Am I missing a key technique that's often taught early-on in an algebraic topology course? Is it tricky even with practice? Have there been any papers that focus on systematic ways of generating these things?

I also noticed that in May's book, he oftentimes writes out explicit formulas for his homotopies, sometimes in a way that obscures the issue at hand (for instance, there is a homotopy that is described by an explicit formula, but it's nothing more than an explicit "representative of the natural homotopy" between the identity map and the constant map on a contractible based space.) How often can these seemingly arbitrary formulas be replaced with more canonical descriptions? (This last question is a soft question to people with experience in topology)

  • 6
    $\begingroup$ Can you give an example ? $\endgroup$ Commented Jan 4, 2011 at 9:06
  • 2
    $\begingroup$ Dear Patrick, I think I gave an example. Could you clarify what more you would like to hear? $\endgroup$ Commented Jan 4, 2011 at 9:11
  • 3
    $\begingroup$ Hi Harry, I meant an example of "little formulas pulled out" ? $\endgroup$ Commented Jan 4, 2011 at 9:26
  • 5
    $\begingroup$ In my experience, all homotopies are variations of the segment $H(t)=tP+(1-t)Q$. $\endgroup$ Commented May 30, 2013 at 10:26
  • 10
    $\begingroup$ Homotopies are a bit like Turing Machines: one should always give a high-level description because it is almost impossible to figure out what it is doing when written formally. $\endgroup$ Commented May 30, 2013 at 17:23

5 Answers 5


Sometimes easy geometric pictures have awkward seeming algebraic descriptions. On pages 6 and 7 of Concise, I gave examples where I both gave a geometric picture and explicit formulas to make the idea of such translation clear. In other cases, (as in cofiber homotopy equivalence) I just found it quick and easy to write down the homotopies (in terms of other homotopies). Sometimes it is just way too laborious to draw the pictures, other times it is too laborious to write the homotopies out. One should learn to be happily eclectic and absorb all techniques available.

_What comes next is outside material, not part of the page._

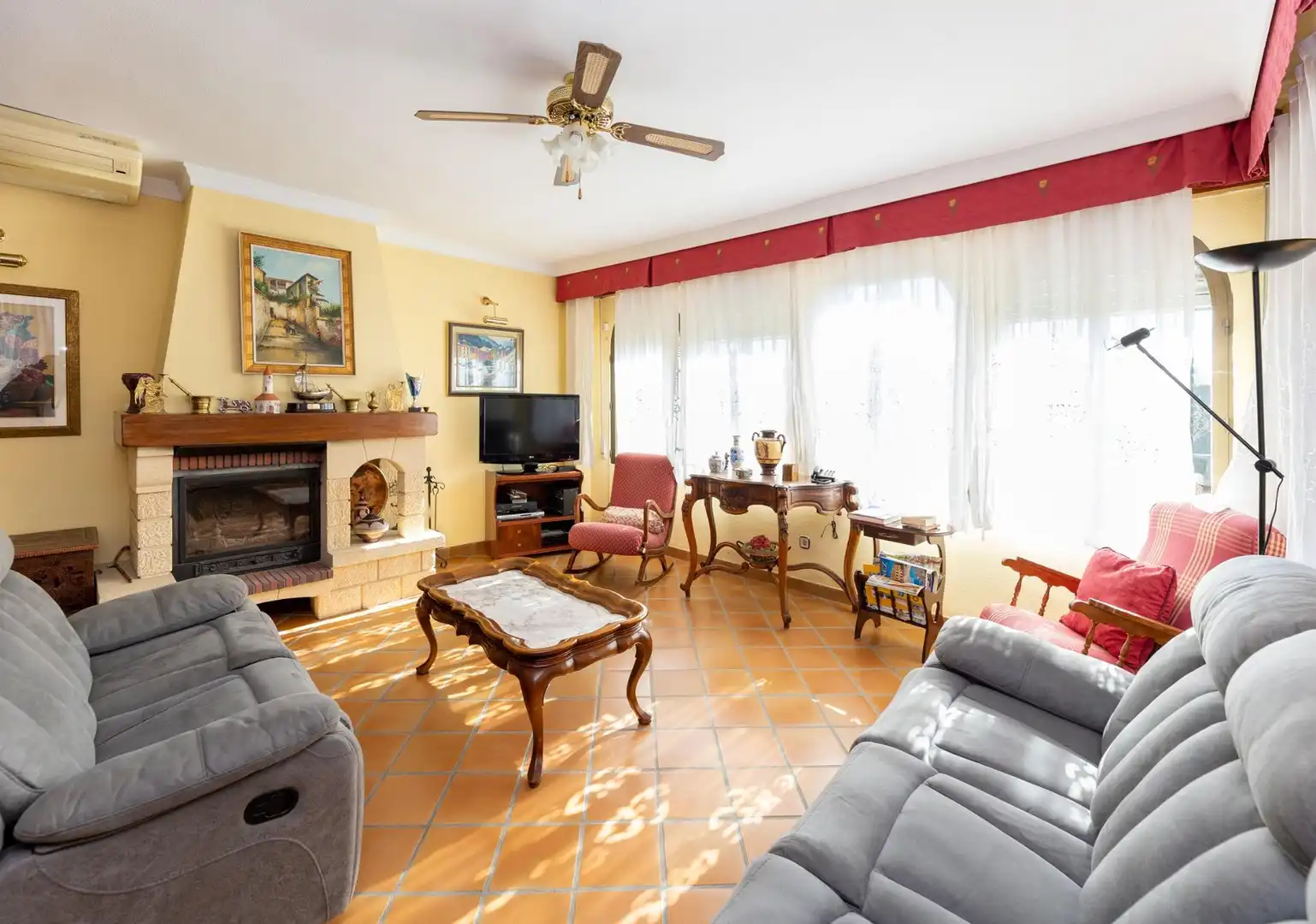 Living room of Houses for sale in Albolote  with Private garden, Terrace and Storage room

Added by PLC: in the second sentence above, Professor May is referring to his text A Concise Course in Algebraic Topology. (When he taught me the course, the title of the draft copy he handed out to us was A Rapid Course..., but I guess the publishers didn't like that so much!)

  • 7
    $\begingroup$ @Pete : "Concise" is, I think, a bit more accurate than "Rapid". I don't recall reading the book being a very rapid experience! $\endgroup$ Commented Feb 4, 2011 at 6:01
  • 1
    $\begingroup$ Dear Professor May, thanks for your answer! I had skipped the first few chapters, and this was apparently to my detriment. =) $\endgroup$ Commented Feb 4, 2011 at 6:25

The basic phenomenon is that often the best way to think about "little homotopies" is to use the geometric parts of your brain --- to use primarily your GPU (geometry processing unit), with your arithmetic processing unit, logic processing unit and lexical processing units all in the background, so to speak. However, when writing down a proof, it's customary, and usually easier to transcribe it into symbolic form. This tends to be a one-way process --- it's much harder to start from symbolic formulas and regenerate the geometric intuiton than to start from the geometric intuition and transcribe it into symbolic formulas.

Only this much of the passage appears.